Hello everyone, our team has just run into an issu...
# prefect-cloud
c
Hello everyone, our team has just run into an issue where all of our clusters (dev and production) are no longer found by Prefect cloud. It seems that the workers cannot start. This happened to all the environments with out any changes in deployment at about 9am PST today. Does anyone have any thoughts about why this may have happened considering we are pinned on an older version of Prefect
2.16.4
?
a
Is prefect_kubernetes pinned too?
c
no we have not pinned the version of that package
a
So my guess is that since it’s not pinned, it’s pulling the most up to date version of prefect-kubernetes which may be referencing a utility in a version of prefect you don’t have. Not entirely sure (on vacation at the moment but had a second to spare). @Nate is this your spidey sense too?
n
yes i think you're right @Alexander Azzam - 2.16.4 doesn't have
prefect.utilities.timeout
but the newest kubernetes worker uses that module
c
We are actually using the provided image
prefecthq/prefect:2.16.4-python3.10
so maybe the version is not pinned in that image? Either way, I just upgraded to the newest version and it seems to work alright now
n
We are actually using the provided image
prefecthq/prefect:2.16.4-python3.10
so maybe the version is not pinned in that image?
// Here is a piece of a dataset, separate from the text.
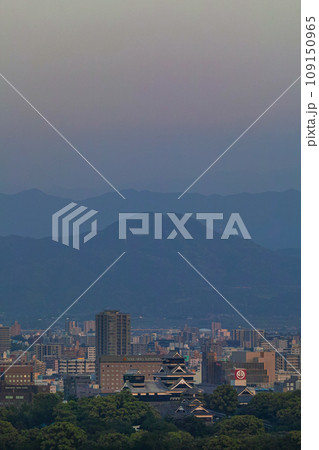 熊本県/ ライトアップされた熊本城(熊本城跡)遠景(超望遠レンズによる撮影) 熊本県/ ライトアップされた熊本城(熊本城跡)遠景(超望遠レンズによる撮影) 109150965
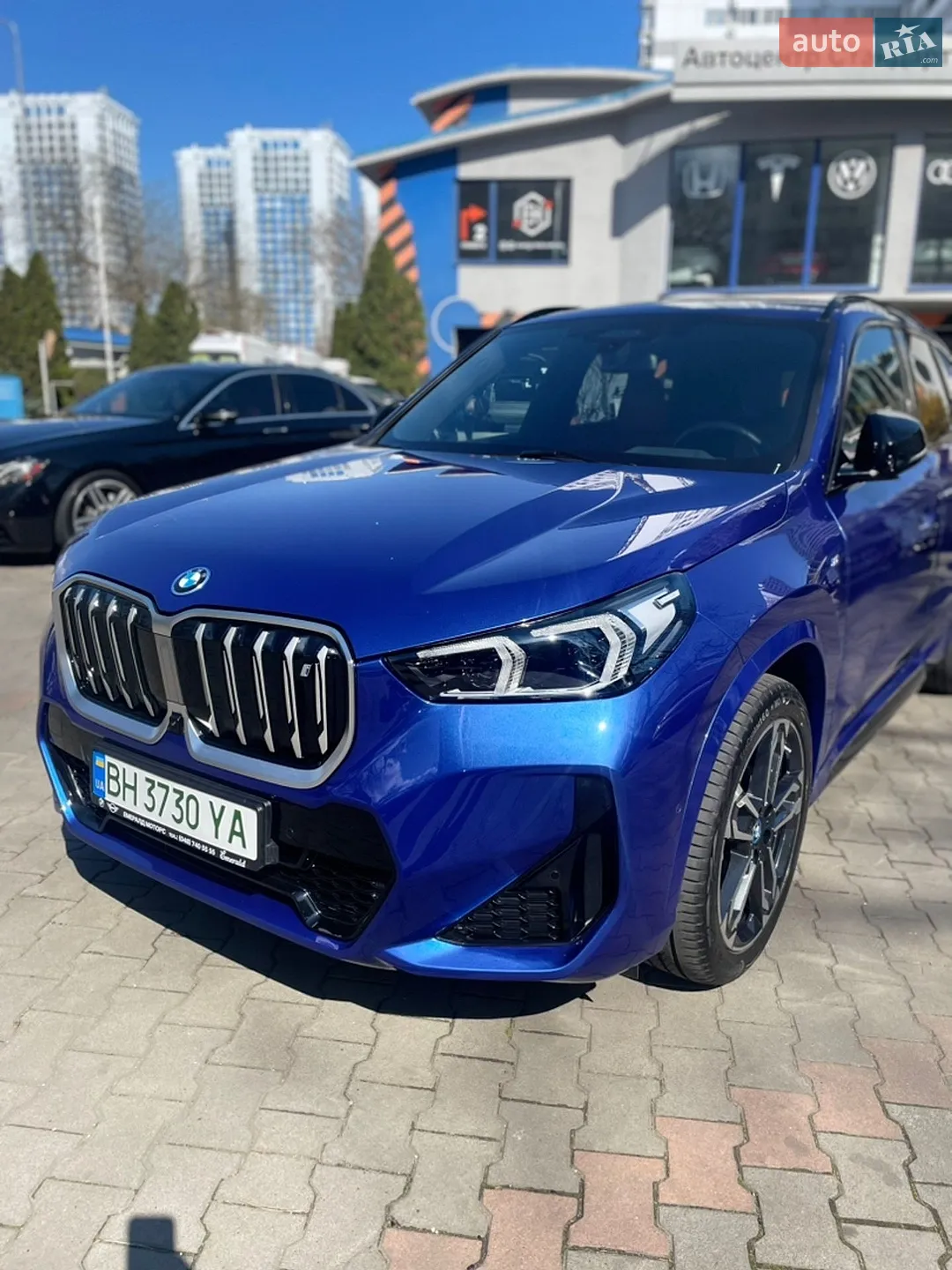 2023 BMW iX1 - мініатюра 3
prefect 2.16.4 just doesnt have that module, so when installing
prefect-kubernetes>=0.4.0
on top (which uses that module) then we get that import error but yeah, upgrading prefect or downgrading prefect-kubernetes would resolve - glad you got it figured out!
c
Thanks everyone!
n
catjam
c
Actually, spoke to soon. The worker was reporting to Prefect Cloud but on initialization of a Prefect run I get different errors:
Copy code
Traceback (most recent call last):
  File "/usr/local/lib/python3.10/site-packages/prefect/workers/base.py", line 908, in _submit_run_and_capture_errors
    result = await self.run(
  File "/usr/local/lib/python3.10/site-packages/prefect_kubernetes/worker.py", line 612, in run
    async with self._get_configured_kubernetes_client(configuration) as client:
  File "/usr/local/lib/python3.10/contextlib.py", line 199, in __aenter__
    return await anext(self.gen)
  File "/usr/local/lib/python3.10/site-packages/prefect_kubernetes/worker.py", line 743, in _get_configured_kubernetes_client
    await config.load_incluster_config()
TypeError: object NoneType can't be used in 'await' expression
n
hi @Curtis White - sorry about that. that is a bug that went out that we've fixed in the 2.x lineage but need to release (will be doing this asap) in the meantime 0.3.11 should not have this bug
c
so do we need to create our own image then for our worker?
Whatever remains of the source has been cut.